Show, from the entries below, every line in which "Black" appears.

•••

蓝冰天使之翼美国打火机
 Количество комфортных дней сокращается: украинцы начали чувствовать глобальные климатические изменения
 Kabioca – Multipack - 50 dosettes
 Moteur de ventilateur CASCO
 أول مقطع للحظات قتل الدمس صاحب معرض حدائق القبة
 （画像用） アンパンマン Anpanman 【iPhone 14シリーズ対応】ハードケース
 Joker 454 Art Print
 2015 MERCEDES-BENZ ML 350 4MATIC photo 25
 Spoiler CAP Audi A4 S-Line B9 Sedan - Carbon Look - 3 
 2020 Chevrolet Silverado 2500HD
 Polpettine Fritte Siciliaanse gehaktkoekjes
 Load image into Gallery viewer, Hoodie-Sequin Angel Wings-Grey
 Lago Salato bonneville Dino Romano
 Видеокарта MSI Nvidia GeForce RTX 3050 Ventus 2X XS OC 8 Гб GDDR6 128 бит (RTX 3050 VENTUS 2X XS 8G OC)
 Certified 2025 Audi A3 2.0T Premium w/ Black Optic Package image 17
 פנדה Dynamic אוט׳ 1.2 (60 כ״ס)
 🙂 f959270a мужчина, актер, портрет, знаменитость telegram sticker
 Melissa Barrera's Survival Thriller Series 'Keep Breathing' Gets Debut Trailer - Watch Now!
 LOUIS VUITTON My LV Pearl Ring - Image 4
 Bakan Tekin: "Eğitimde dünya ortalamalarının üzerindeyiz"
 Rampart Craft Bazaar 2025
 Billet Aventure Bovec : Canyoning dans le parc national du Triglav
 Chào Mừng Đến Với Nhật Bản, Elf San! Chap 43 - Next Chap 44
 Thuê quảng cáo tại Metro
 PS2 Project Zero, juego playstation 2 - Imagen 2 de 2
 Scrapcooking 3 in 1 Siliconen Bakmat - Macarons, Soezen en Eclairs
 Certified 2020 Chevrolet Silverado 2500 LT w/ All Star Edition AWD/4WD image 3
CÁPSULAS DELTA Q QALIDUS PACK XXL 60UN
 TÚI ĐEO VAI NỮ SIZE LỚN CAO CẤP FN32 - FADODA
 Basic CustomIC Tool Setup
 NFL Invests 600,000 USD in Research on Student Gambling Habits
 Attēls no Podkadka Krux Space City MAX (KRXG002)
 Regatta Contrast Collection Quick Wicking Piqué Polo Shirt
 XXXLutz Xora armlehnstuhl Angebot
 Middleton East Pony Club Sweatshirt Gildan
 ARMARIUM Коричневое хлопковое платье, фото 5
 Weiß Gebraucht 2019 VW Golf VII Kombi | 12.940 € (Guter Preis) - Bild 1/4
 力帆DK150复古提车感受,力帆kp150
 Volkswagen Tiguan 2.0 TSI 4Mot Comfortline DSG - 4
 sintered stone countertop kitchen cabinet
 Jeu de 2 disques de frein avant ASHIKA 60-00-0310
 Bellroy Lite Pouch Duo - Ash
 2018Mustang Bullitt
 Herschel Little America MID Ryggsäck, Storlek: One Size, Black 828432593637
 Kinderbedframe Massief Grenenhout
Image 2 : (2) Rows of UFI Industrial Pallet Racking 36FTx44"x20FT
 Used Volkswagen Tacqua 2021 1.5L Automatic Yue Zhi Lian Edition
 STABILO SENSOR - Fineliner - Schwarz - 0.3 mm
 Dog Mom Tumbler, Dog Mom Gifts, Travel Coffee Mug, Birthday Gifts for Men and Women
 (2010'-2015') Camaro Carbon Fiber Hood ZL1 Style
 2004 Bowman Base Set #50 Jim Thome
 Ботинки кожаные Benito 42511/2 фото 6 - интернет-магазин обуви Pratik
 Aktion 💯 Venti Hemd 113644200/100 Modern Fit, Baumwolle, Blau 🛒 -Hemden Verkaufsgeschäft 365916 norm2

•••

Response area:
 Certified 2025 Audi A3 2.0T Premium w/ Black Optic Package image 17
 Herschel Little America MID Ryggsäck, Storlek: One Size, Black 828432593637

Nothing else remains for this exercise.